La inflación es el tema más recurrente del debate público. Es lógico, a diferencia de la enorme mayoría de países del mundo para los que es prioritaria la estabilidad de precios llevamos décadas sin solucionar el problema. Si bien hay muchas teorías sobre las causas de la inflación, hay consenso en que ningún dato puntual puede definir una tendencia. Se requieren décadas de continuidad, considerar la estabilidad de precios una política de estado que trascienda los discursos de campaña y las gestiones de gobiernos de forma tal de fortalecer el tejido institucional en pos de una desinflación lo menos dolorosa posible.
En su último año, el Gobierno nacional se propone reducir 35 puntos la inflación, llevándola a 60%. Un desafío difícil que implica pasar de un ritmo mensual de 6% a 4%, en un contexto de ajuste fiscal.
Para pensar la dinámica esperada de la inflación es importante entender que hay más de un factor operando. Desde el punto de vista estructural, es difícil pensar que los precios se desaceleren si las variables que explican los costos de la economía se aceleran. Esto es, si los salarios, el tipo de cambio y las tarifas se ubican por encima del 60%, posiblemente cueste mucho que los precios se muevan por debajo.
Como un costo más juega la brecha. Al haber fuertes controles a las importaciones, como se observó durante el salto inflacionario de julio del año pasado, cada vez más precios se fijan en función del valor de los tipos de cambio paralelos o algún punto intermedio.
Además de todos los factores mencionados, la inflación tiene un componente inercial fuerte y los motivos que lo explican son variopintos: la frecuencia de contratos, la remarcación por las dudas, la credibilidad de las políticas públicas, entre otros.
De todos modos, hay una gran oportunidad derivada del pésimo punto de partida. El nivel elevado de inflación, local e internacional, la elevada frecuencia de actualización de contratos y el nivel de brecha en torno a 100% ofrecen una chance de reducción abrupta y para siempre si se hacen las cosas bien. Veamos cómo.
La reducción de la inflación propuesta se puede lograr de dos modos. Uno es a través un anclaje de variables nominales, el otro con anclaje de expectativas. Desde ya, estos canales no son excluyentes y en el mejor de los mundos ambas se mueven en la misma dirección. El primer camino implica atrasar el tipo de cambio y las tarifas, una receta que conocemos. Este camino lleva a sacrificar el cumplimiento de las metas con el FMI porque el atraso cambiario no permite acumular reservas y porque el desajuste de tarifas complica la meta fiscal. A la vez, quedaría inflación contenida para el año que viene por los desajustes de precios relativos y esto se manifestaría en una brecha alta. En otras palabras, patearía el problema para adelante.
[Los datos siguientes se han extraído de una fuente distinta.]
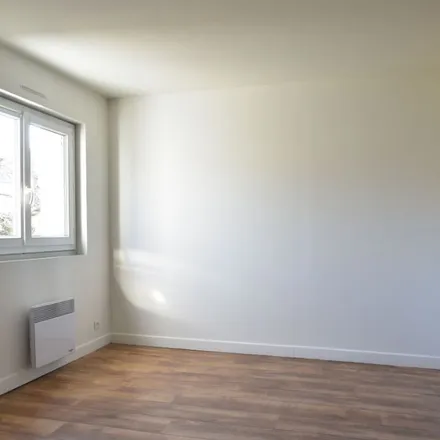 Rent this 2 bed apartment on 5 Impasse des Islettes in 49250 La Ménitré, France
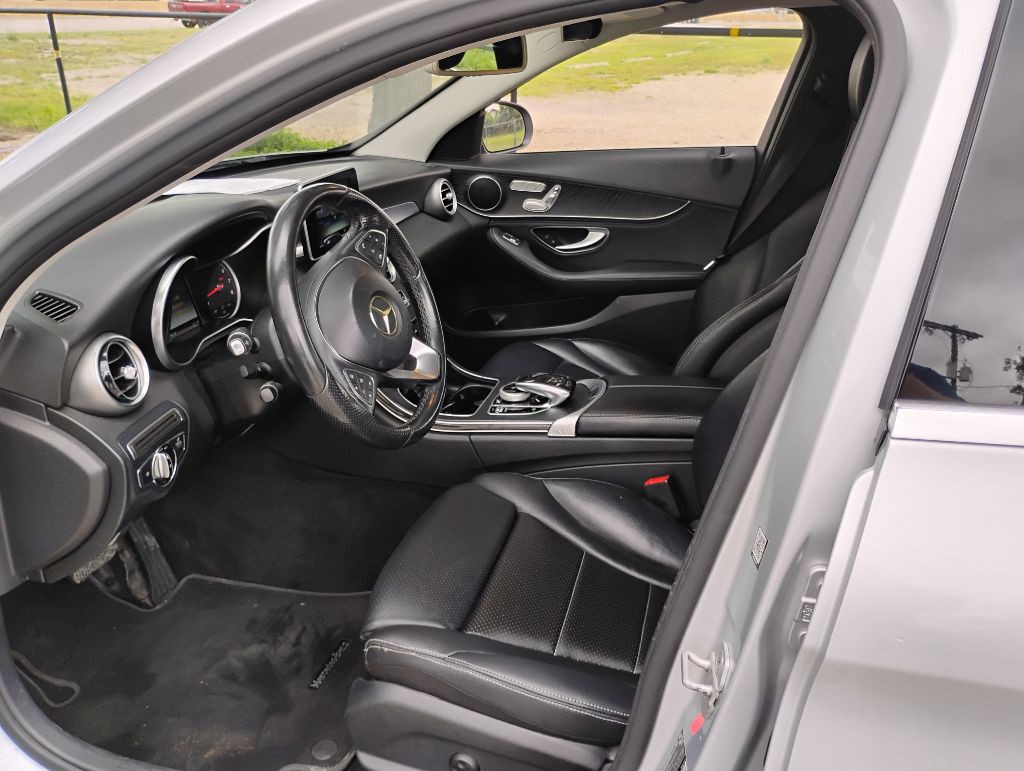 2016 Mercedes-Benz C-Class Image 10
Entonces hay que apelar al anclaje de expectativas, el más difícil de los caminos, pero el único posible; este es el que logra frenar la inercia. Esta senda tiene cuatro pilares: i) la coordinación fuerte de precios y salarios, ii) una política fiscal que permita continuar reduciendo el déficit, iii) mejorar de la administración de las divisas para importar, y iv) una política monetaria adecuada. Esto opera en el corto plazo ya que es la única combinación de políticas creíbles para esta administración en lo que queda de mandato. La próxima gestión debe continuar con el sendero de desinflación en una segunda etapa, más orientada al mercado y a la desregulación. En esta fase, un canje de deuda, un nuevo acuerdo con el FMI y una salida gradual del cepo pueden ser pasos a seguir. Aunque la lógica económica de largo plazo no siempre prima en las decisiones políticas, esta vez hay un órgano rector que obliga a cierta consistencia, como el FMI.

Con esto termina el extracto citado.